# M. Morath



## JGUIS (Aug 14, 2012)

This beautiful bottle is a friends, and I was wondering how different it is.


----------



## JGUIS (Aug 14, 2012)

It not only has a blot out on the opposite shoulder.


----------



## JGUIS (Aug 14, 2012)

But also a blot out of a text box in the middle.


----------



## JGUIS (Aug 14, 2012)

It's a great shade too.


----------



## cowseatmaize (Aug 14, 2012)

Interesting form for a beer. Other than the brewery seamed to have closed in 1865 I'm not familiar.
 Here's a brief history of Michael Morath and the brewery, see page 4 of the PDF.
 http://catholicrecordsociety.org/pdfbarquilla/vols10-12/10_6.pdf


----------



## cowseatmaize (Aug 14, 2012)

I had to go out but if you search Michael Morath brewery you can find a lot. Change a keyword or two and more will likely happen. FROM


----------



## bottlekid76 (Aug 14, 2012)

I love the early ales and that's a beauty Josh!! []

 ~Tim


----------



## druggistnut (Aug 17, 2012)

I don't recall seeing more than a handful of shoulder embossed American ales, let alone one in THAT color, in 40 years.
 There are NONE from Michigan, that I am aware of.
 Bill


----------



## JGUIS (Aug 17, 2012)

I figured Doug would've chimed in on this one by now, being that he has pulled every variant of this bottle out of the ground.  I dug an amber that was embossed in the middle,  Morath & Sons.

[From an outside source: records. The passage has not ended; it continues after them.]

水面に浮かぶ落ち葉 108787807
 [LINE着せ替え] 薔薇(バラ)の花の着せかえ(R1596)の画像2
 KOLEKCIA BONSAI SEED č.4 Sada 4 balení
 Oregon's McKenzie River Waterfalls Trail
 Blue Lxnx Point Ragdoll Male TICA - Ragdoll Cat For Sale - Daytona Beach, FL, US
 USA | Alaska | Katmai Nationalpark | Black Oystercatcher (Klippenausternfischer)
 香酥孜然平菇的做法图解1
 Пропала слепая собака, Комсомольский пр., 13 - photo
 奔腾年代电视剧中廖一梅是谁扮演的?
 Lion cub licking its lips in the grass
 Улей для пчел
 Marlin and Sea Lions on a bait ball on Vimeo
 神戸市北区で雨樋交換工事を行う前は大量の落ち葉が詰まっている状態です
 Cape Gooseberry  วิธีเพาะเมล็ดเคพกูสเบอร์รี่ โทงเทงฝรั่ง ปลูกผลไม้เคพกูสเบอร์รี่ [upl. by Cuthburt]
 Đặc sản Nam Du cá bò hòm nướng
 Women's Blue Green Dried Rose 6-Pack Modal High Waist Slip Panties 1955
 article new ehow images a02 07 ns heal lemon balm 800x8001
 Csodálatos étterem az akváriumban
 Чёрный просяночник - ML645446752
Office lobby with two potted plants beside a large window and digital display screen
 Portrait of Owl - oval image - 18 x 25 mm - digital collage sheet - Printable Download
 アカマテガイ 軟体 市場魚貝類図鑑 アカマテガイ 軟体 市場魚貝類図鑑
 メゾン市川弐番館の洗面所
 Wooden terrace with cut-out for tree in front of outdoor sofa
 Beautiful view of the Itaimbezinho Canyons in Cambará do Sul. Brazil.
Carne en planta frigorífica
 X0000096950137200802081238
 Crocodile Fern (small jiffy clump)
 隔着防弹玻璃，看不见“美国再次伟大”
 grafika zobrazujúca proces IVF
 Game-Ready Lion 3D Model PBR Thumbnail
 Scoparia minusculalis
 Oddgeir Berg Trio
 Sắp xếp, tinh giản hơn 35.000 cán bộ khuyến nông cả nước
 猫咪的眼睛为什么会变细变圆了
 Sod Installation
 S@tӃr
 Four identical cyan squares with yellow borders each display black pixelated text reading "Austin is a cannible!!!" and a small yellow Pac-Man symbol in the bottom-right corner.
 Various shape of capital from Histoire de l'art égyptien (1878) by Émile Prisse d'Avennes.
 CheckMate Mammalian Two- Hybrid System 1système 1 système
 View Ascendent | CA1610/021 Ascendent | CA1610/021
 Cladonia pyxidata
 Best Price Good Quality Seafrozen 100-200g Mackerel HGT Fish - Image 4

Newark O  I'm wondering if anyone knows of another bottle like the one above, to try and figure out what was peened out of the mold.


----------



## bottlekid76 (Aug 17, 2012)

Hey Josh,

 Is the McCully mark on that example?

 From Tods site:

 Embossed: // s // M. MORATH // NEWARK. O // // b // () W McCULLY & Co / () PITTSBURGH 

 ~Tim


----------



## JGUIS (Aug 29, 2012)

Not sure.  I'll get another look at it this weekend.


----------



## RED Matthews (Aug 29, 2012)

Hello all, That " blot out " is a new term to me, but real I guess - I also saw the standard peening term in a later powt.  I would like to see clearer pictures of the letter blot out.  With that large a lettering there isn't much iron for a fill in movement of iron.  It also seems like a strange requirement.  
 RED Matthews


----------